Die Familie Piccard hatte schon vor Bertrands Aufstieg an die 28.000 Meter Höhenunterschied bewältigt. Großvater Auguste war zwecks Erforschung der Weltraumstrahlung mit einem Ballon 1931 als erster Mensch auf 16.000 und ein Jahr später sogar auf 17.000 Meter aufgestiegen, Vater Jacques Piccard hatte 1960 mit seinem "Bathyscaph" den Grund des Marianengrabens, mit 10.916 Metern die tiefste Stelle der Weltmeere überhaupt, erreicht und festgestellt, daß es auch dort Leben gibt. Bertrand legte auf seiner Weltumfahrung 40.813 Kilometer zurück.

Man kann sein Buch auf verschiedene Arten lesen, und auf jede Art mit Gewinn. Zum Beispiel als Nachdenkbuch darüber, wie sich der Charakter abenteuerlicher Unternehmungen im 20. Jahrhundert veränderte. Nachdem Fridtjof Nansen im Juni 1893 mit 13 Männern auf der "Fram" in die Arktis aufgebrochen war, blieb die Welt drei Jahre lang ohne jede Nachricht. Am 14. März 1895 verließ er mit seinem Begleiter Johansen das vom Eis eingeschlossene Schiff und versuchte den Nordpol mit dem Schlitten zu erreichen. 15 Monate waren die beiden Männer in der Arktis "In Nacht und Eis" (Nansens Buchtitel) völlig auf sich gestellt. Der Ozeanflug Charles Lindberghs am 21. Mai 1927 dauerte zwar nur 33 und eine halbe Stunde, aber auch er kämpfte allein gegen den Schlaf und hätte bei einem Motorversagen keine Hoffnung auf Rettung gehabt. Eine vor ihm in der Gegenrichtung gestartete französische Mannschaft blieb verschollen. Man mag darüber spekulieren, ob Reinhold Messner 1989/90 bei seinem 2.800 Kilometer langen Fußmarsch durch die Antarktis mit dem Verzicht auf ein Funkgerät wirklich nur Gewicht sparen wollte oder ob ihm die Einsamkeit in der Extremsituation wichtiger war. Er hatte lediglich ein Gerät auf dem Schlitten, das der Außenwelt seine Position meldete.

Die Ballonfahrer Bertrand Piccard und Brian Jones waren während der 20 Tage ihrer Reise fast ununterbrochen per Telefon oder Fax, meist beidem, mit ihrer Bodenstation in Genf verbunden. Mehrmals durfte ihnen das Fernsehen in die Gondel gucken.
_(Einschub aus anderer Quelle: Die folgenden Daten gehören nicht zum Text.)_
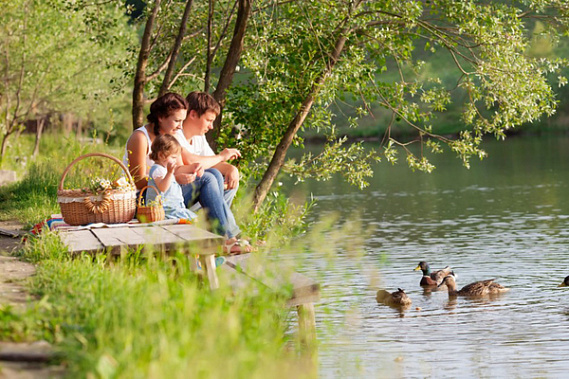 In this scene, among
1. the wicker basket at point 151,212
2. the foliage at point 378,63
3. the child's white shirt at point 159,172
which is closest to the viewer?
the wicker basket at point 151,212

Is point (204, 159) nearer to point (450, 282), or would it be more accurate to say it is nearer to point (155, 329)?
point (155, 329)

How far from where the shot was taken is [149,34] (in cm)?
1240

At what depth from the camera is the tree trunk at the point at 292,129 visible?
11.7 metres

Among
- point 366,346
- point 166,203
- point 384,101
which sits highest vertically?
point 384,101

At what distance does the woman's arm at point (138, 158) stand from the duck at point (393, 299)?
181 inches

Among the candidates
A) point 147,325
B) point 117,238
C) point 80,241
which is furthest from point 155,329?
point 80,241

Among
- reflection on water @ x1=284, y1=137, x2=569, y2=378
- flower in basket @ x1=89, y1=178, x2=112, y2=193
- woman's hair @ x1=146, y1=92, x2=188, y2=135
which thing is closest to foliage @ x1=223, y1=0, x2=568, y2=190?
reflection on water @ x1=284, y1=137, x2=569, y2=378

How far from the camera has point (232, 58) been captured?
11984mm

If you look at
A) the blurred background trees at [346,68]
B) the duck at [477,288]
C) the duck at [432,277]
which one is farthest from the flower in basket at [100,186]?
the duck at [432,277]

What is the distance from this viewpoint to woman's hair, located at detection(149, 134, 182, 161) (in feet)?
24.6

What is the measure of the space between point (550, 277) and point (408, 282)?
2.04m

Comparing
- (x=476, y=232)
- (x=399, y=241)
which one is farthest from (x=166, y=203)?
(x=476, y=232)

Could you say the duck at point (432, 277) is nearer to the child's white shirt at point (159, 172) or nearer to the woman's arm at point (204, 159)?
the woman's arm at point (204, 159)

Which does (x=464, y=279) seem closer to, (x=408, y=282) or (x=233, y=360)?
(x=408, y=282) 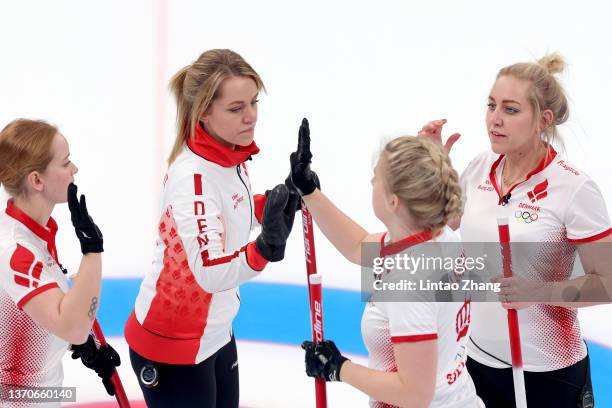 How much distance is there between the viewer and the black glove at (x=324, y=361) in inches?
95.0

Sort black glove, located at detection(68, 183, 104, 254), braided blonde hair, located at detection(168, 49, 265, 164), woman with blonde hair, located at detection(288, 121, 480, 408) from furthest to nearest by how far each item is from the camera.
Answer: braided blonde hair, located at detection(168, 49, 265, 164)
black glove, located at detection(68, 183, 104, 254)
woman with blonde hair, located at detection(288, 121, 480, 408)

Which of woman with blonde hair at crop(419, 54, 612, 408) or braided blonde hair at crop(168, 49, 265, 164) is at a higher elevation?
braided blonde hair at crop(168, 49, 265, 164)

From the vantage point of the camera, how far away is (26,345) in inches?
101

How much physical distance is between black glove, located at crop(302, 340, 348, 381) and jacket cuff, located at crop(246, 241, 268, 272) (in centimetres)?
29

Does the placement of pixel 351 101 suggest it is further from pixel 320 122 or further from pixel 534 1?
pixel 534 1

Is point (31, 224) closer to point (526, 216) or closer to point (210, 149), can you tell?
point (210, 149)

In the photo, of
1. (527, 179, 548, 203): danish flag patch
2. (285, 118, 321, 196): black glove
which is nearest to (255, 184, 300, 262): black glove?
(285, 118, 321, 196): black glove

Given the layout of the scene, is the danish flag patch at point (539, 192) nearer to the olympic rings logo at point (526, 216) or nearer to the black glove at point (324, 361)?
the olympic rings logo at point (526, 216)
Während sie über dem Atlantik unterwegs waren, dirigierte die US-Flugsicherung den Verkehr auf eine niedrigere Flugfläche. Ihre Frauen wußten täglich, wie sie geschlafen hatten, wie die Stimmung an Bord war und sprachen ihnen Mut zu. Dafür fordert das Medienzeitalter nun von Piccard und Jones den schrecklichen Tribut der Trivialität. Denn nach der glücklichen Landung galt es, hurtig fast 400 Buchseiten zu füllen. Mit der Schilderung der Tag für Tag unter ihnen vorbeiziehenden Landschaften, Wolkenfelder und Meere war es dabei ebensowenig getan wie mit der Beschreibung ihrer technischen Probleme, was lag also näher, als den Lesern mit ausführlichen Zitaten ihrer zahllosen Faxe zu erfreuen, die sich für diesen Zweck umso mehr anboten, als sie schließlich schon auf den Festplatten ihrer mitgeführten beiden Notebooks gespeichert waren. Die 380 Buchseiten wurden damit voll, aber der Nimbus des Abenteuers ist stark lädiert.

Buchzitat, willkürlich herausgegriffen: "In Genf hatte gerade Cecilia Smith Dienst. Sie sagte uns, wie begeistert alle vom Fortschritt unserer Reise seien: ,Manchmal kommen wir uns vor wie in einem Traum. Jo schreibt gerade in ihr Tagebuch. Sie meint, während sie heute geschlafen habe, hättet Ihr Indien verlassen, Bangladesh und Birma überquert und die chinesische Grenze erreicht. Dabei hat sie gar nicht lange geschlafen! Das ist alles wirklich außergewöhnlich.' Tief bewegt antwortete ich ihr: ,Hallo, meine Freunde. Vielen Dank für das nette Fax. Ich denke, unser größter Glücksfall ist, daß wir ein so wunderbares Team haben. Es ist toll zu spüren, wie Ihr hinter uns steht und bei uns seid ... Beste Grüße, Bertrand. PS: FL zwischen 240 und 250 bei konstant 088 Grad und 79 Knoten.'" Das PS besagt, daß der Ballon zu diesem Zeitpunkt über 8.000 Meter hoch mit über 140 km/h fast genau ostwärts unterwegs war.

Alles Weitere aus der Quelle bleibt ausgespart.